** Opening DATA BELOW block **

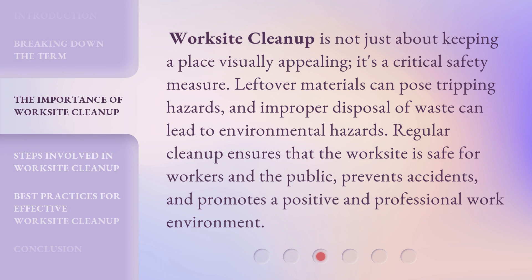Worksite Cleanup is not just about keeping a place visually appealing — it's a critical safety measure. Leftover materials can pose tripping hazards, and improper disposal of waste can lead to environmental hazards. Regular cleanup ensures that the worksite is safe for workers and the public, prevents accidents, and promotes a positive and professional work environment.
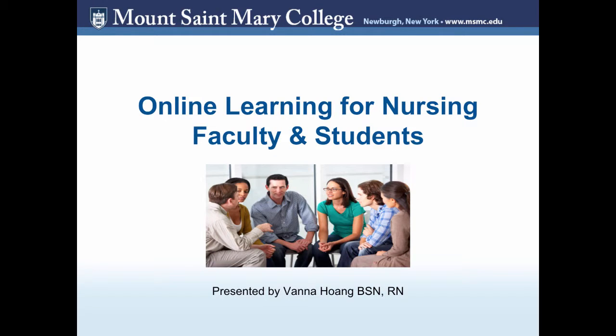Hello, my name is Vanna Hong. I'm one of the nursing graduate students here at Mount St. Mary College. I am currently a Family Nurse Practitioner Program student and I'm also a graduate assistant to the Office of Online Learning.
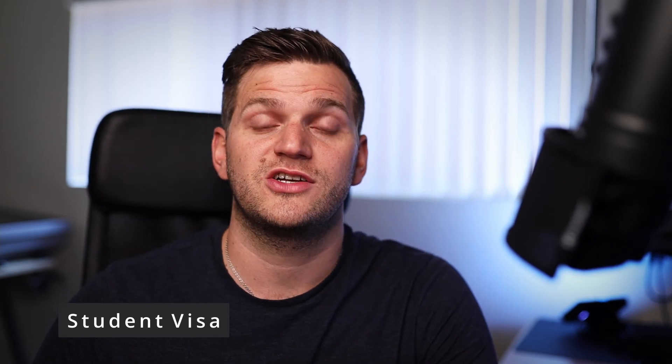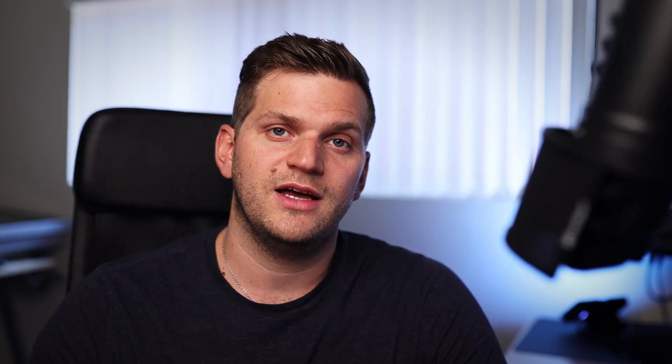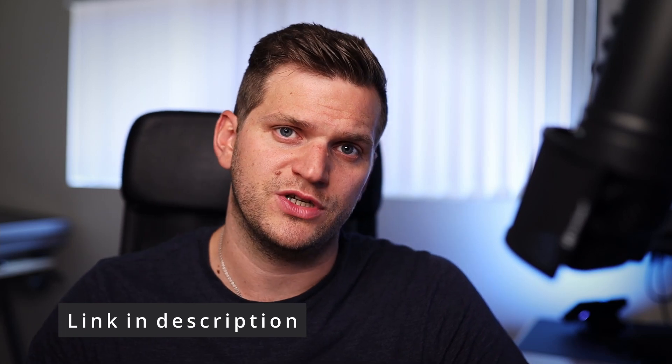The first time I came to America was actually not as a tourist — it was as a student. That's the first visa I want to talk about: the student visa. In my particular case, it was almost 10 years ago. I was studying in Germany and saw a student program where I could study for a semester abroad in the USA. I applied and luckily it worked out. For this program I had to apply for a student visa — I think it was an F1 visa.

** Closing DATA BELOW block **

:: EXERCISE GOAL ::
Exclude all pictures and reproduce verbatim the lines running from the line that contains "Hello, my name" to the end of the data above, both ends included.

:: EXERCISE OUTPUT ::
Hello, my name is Vanna Hong. I'm one of the nursing graduate students here at Mount St. Mary College. I am currently a Family Nurse Practitioner Program student and I'm also a graduate assistant to the Office of Online Learning.
The first time I came to America was actually not as a tourist — it was as a student. That's the first visa I want to talk about: the student visa. In my particular case, it was almost 10 years ago. I was studying in Germany and saw a student program where I could study for a semester abroad in the USA. I applied and luckily it worked out. For this program I had to apply for a student visa — I think it was an F1 visa.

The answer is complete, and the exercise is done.